We are united with Christ! He is not ashamed to call you a brother, a family member, a part of His family! Own that! Dance, jump around, and sing about it, for it is Amazing News!
Hebrews 12:1-6 “Therefore, since we are surrounded by so great a cloud of witnesses, let us also lay aside every weight, and sin which clings so closely, and let us run with endurance the race that is set before us, looking to Jesus, the founder and perfecter of our faith, who for the joy that was set before him endured the cross, despising the shame, and is seated at the right hand of the throne of God. Consider him who endured from sinners such hostility against himself, so that you may not grow weary or fainthearted. In your struggle against sin you have not yet resisted to the point of shedding blood. And have you forgotten the exhortation that addresses you as sons? “My son, do not regard lightly the discipline of the Lord, nor be weary when reproved by him. For the Lord disciplines the one he loves, and chastises every son whom he receives.””
I just have to comment on the beginning of Hebrews chapter 12. If you go back to chapter 11 and read through the names, do you know the stories? And yet the author of Hebrews is telling us that these are the cloud of witnesses surrounding us, and yes all the men and women of faith you have known who have died, too. This is a great beginning in expanding our Biblical Historical Memory, to connect with these stories, to know just by the mention of a name the heritage and legacy that comes with it.

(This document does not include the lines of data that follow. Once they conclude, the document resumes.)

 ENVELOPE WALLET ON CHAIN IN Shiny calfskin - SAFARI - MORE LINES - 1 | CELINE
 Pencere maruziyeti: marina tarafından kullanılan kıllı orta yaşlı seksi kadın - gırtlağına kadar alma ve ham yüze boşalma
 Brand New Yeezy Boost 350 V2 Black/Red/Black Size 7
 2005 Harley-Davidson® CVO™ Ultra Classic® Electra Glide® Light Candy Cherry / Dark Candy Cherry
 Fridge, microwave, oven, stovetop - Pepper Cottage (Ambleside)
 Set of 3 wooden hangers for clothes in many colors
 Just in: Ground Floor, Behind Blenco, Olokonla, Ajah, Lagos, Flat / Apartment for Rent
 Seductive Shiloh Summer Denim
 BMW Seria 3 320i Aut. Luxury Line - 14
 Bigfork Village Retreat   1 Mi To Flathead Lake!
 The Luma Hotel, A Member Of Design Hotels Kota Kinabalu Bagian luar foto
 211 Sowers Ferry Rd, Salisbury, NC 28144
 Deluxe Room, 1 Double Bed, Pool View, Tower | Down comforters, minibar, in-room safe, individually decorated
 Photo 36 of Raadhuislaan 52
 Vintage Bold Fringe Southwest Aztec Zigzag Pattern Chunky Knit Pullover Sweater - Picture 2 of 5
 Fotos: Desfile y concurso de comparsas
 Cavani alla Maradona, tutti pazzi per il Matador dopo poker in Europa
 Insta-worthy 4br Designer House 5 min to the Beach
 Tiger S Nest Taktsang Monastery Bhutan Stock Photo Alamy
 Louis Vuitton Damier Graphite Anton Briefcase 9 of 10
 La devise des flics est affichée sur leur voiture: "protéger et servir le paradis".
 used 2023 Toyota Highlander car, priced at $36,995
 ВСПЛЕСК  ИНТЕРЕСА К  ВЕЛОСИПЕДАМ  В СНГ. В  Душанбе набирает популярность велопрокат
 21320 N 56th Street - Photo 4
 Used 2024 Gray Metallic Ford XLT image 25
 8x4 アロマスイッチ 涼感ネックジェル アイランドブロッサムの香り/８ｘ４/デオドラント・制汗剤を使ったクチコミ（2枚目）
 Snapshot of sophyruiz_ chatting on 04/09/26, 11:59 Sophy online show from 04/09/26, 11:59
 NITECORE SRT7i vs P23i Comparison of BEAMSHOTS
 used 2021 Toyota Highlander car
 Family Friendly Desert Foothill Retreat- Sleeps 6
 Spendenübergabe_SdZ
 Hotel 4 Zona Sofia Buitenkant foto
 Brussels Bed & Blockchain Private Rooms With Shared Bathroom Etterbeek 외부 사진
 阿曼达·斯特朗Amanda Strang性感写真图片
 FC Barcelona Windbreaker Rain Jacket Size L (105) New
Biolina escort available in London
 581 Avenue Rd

Secondly, in removing sins and disobedience from your own life, keep this verse in mind because it is true that we have not suffered anywhere near as much as Christ, and yet that is what we deserve for our sin, so in the struggle against sin, it may be hard, but it is worth it. And here again we are reminded that the struggle, the pain that we do have to endure in fighting sin, is the discipline of a Father, our Lord! We are sons and daughters of the King!
*Note: I am using the ESV Gospel Transformation Bible for the Jesus in the Old Testament section, so these are paraphrases and quotes from the commentary with my own ideas sprinkled in.